Cependant, le pardon peut-être accordé et le droit de participation aux
affaires du pays peut être regagné si les coupables sont graciés par un
gouvernement en fonction.
Avec une telle
proposition la balance ne pencherait pas contre un groupe spécifique, car tout
groupe se sentirait affecté dans le futur sans savoir trop comment tout en
ayant une chance de se racheter. L'ignorance du comportement futur des autres
donnerait à chacun une opportunité égale de s'identifier aux situations des
autres. Etant citoyen du pays, chacun a un droit de participation dans ses
affaires. Ses droits peuvent être retirés indéfiniment et être rétablis aussi.

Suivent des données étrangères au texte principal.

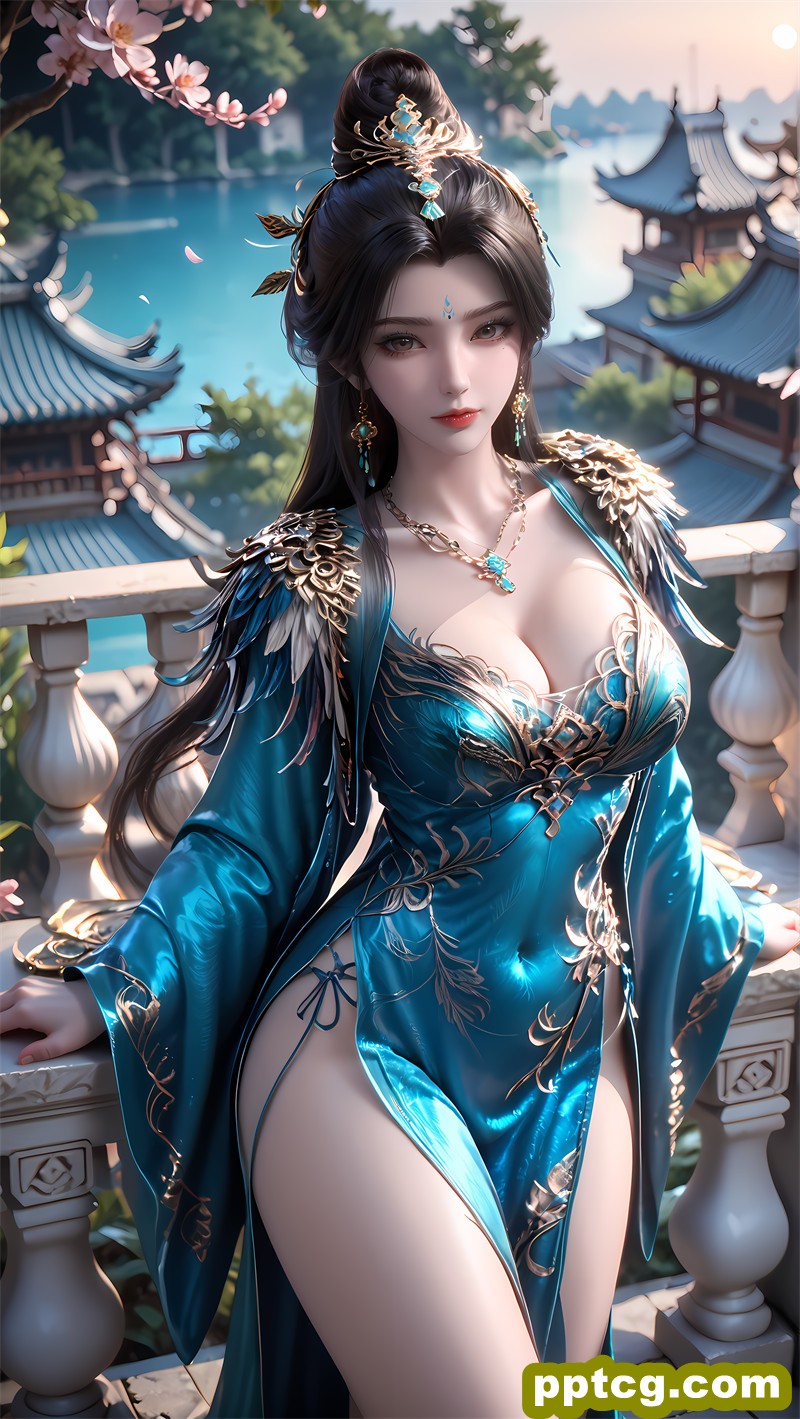 [AI艺术第3576期] [仙逆] [柳眉 · 系列三十三] 巨乳涩涩 [89]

Avec une position objective et impartiale, ceux qui sont immédiatement affectés
consentiraient de se faire à la provision révisée sans penser qu'ils soient
uniquement ciblés. Il y aurait beaucoup plus de chance de voir les principes de
la constitution observés par une forte majorité et il serait plus facile de la
faire respecter.
X : L'esprit d'une bonne constitution
Si la nature
d'une constitution est la gestion du bien commun par des lois, faire d'une
constitution un atout individuel la rend invalide. Donc, l’affaire collective
est absolue et en est le pivot. Pour être bonne, elle doit se reposer non sur des
règles spécifiques mais générales sur comment doivent fonctionner les
institutions économiques et politiques. Dans cette perspective, elle offre une
flexibilité capable d’assurer sa longévité sans risque. L’équité et la justice
reflétées dans son application permettront certaines imperfections dans
l’optique d’être corrigées quand les circonstances l’obligent. Etant les
générateurs des interactions sociales, l’économie et le politique doivent
constituer le tronc d’une bonne constitution d’où découleront les principes
assurant la bonne marche de la société.